### Records shown:
■ ■ ■ ■

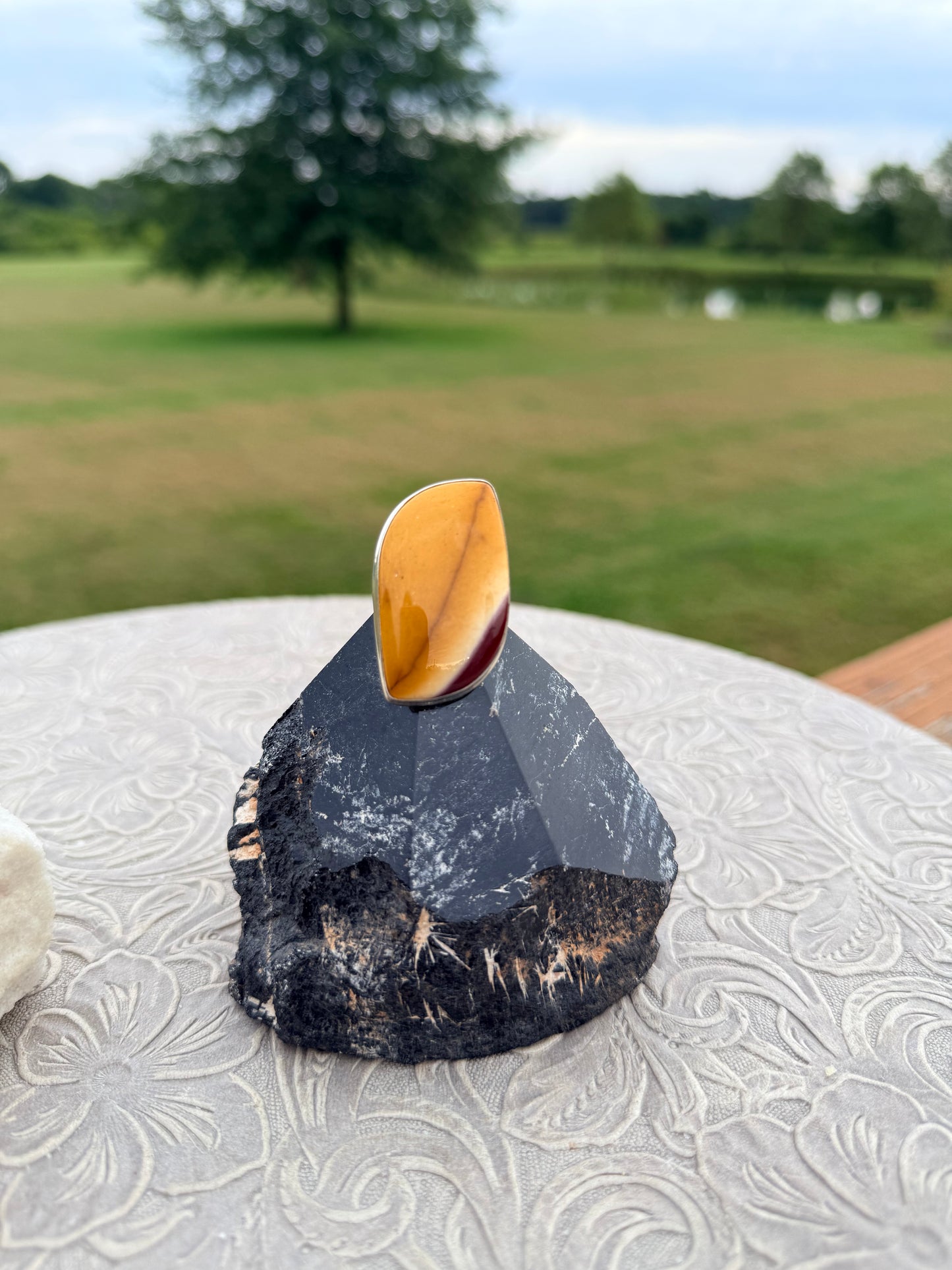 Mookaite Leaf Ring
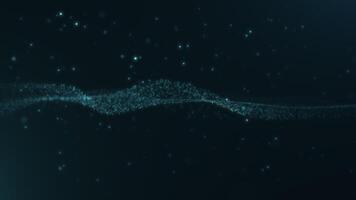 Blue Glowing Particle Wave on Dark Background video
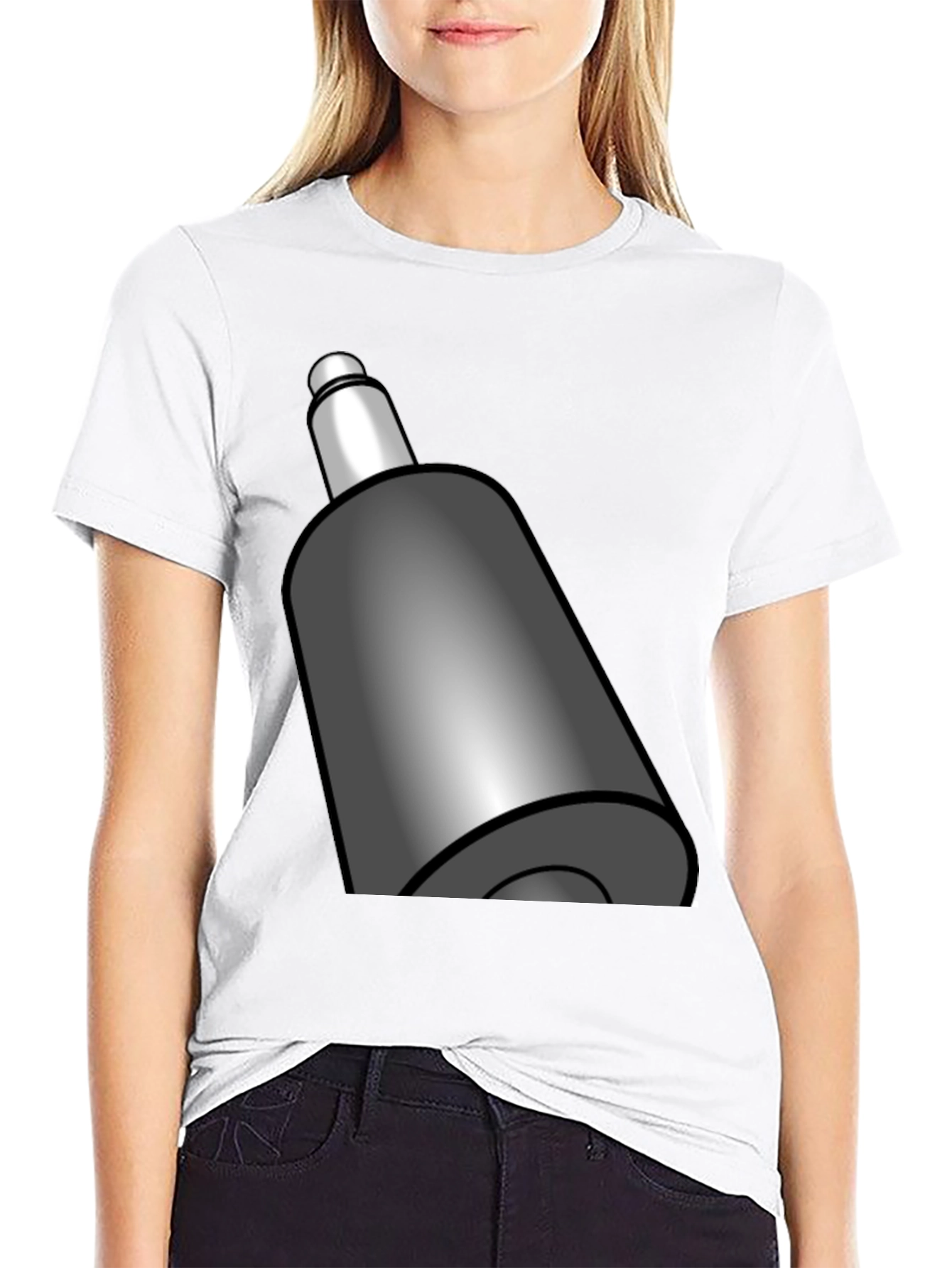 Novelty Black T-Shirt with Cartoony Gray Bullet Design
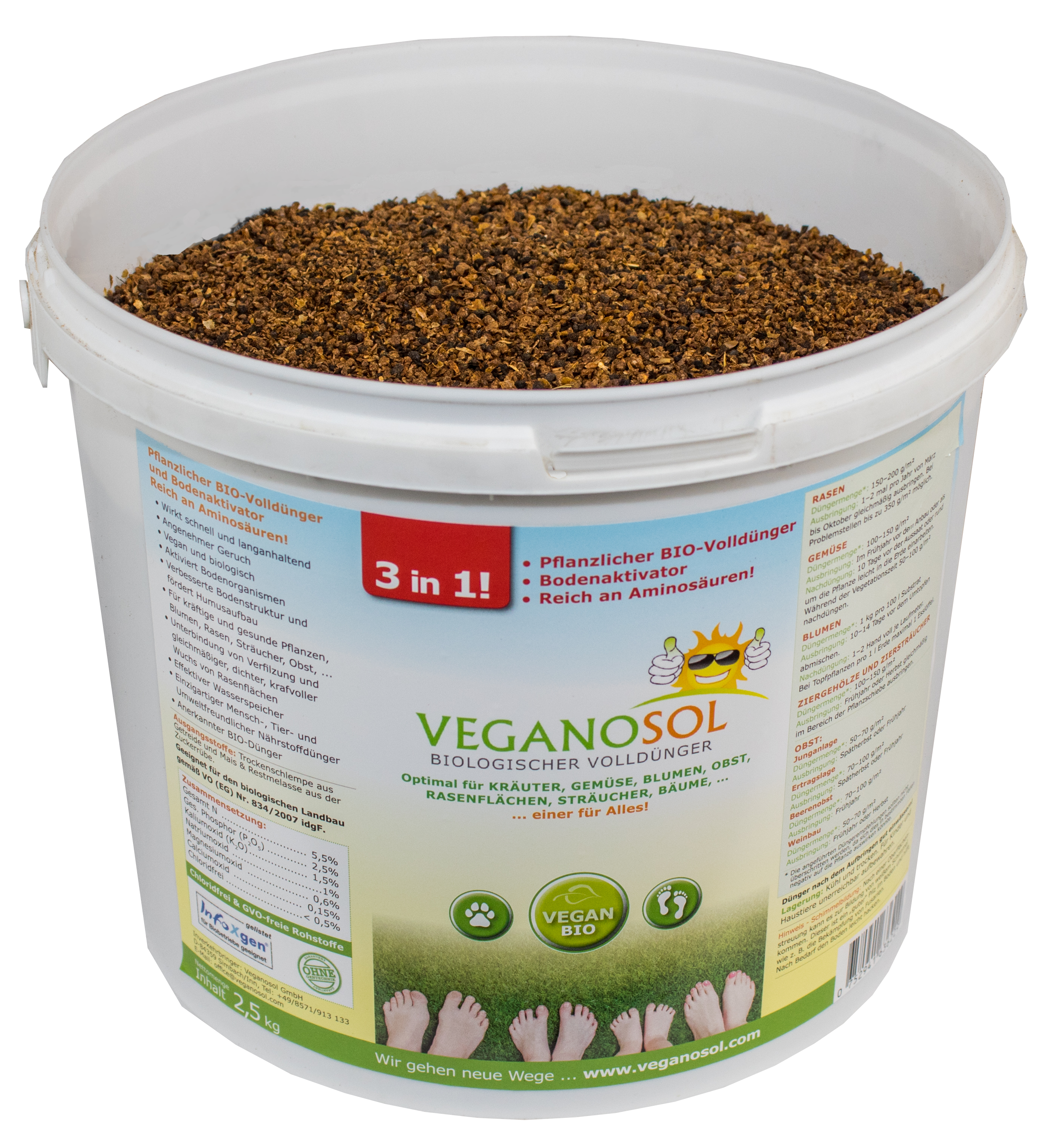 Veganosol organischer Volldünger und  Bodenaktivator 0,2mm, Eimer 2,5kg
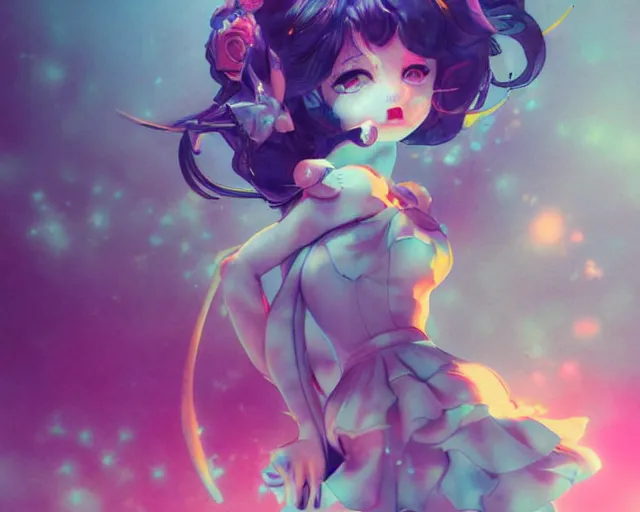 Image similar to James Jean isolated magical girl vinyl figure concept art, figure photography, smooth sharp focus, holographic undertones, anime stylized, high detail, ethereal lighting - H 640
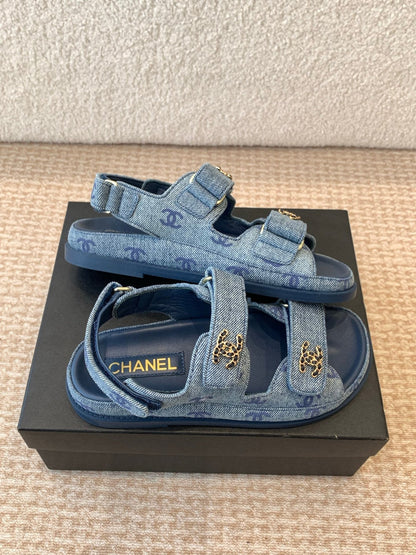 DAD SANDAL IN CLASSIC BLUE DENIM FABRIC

■ ■ ■ ■

### Work required:
Except for the pictures, set down each line of the records exactly as it appears.

### Output below:
 Mookaite Leaf Ring
 Blue Glowing Particle Wave on Dark Background video
 Novelty Black T-Shirt with Cartoony Gray Bullet Design
 Veganosol organischer Volldünger und  Bodenaktivator 0,2mm, Eimer 2,5kg
 Image similar to James Jean isolated magical girl vinyl figure concept art, figure photography, smooth sharp focus, holographic undertones, anime stylized, high detail, ethereal lighting - H 640
 DAD SANDAL IN CLASSIC BLUE DENIM FABRIC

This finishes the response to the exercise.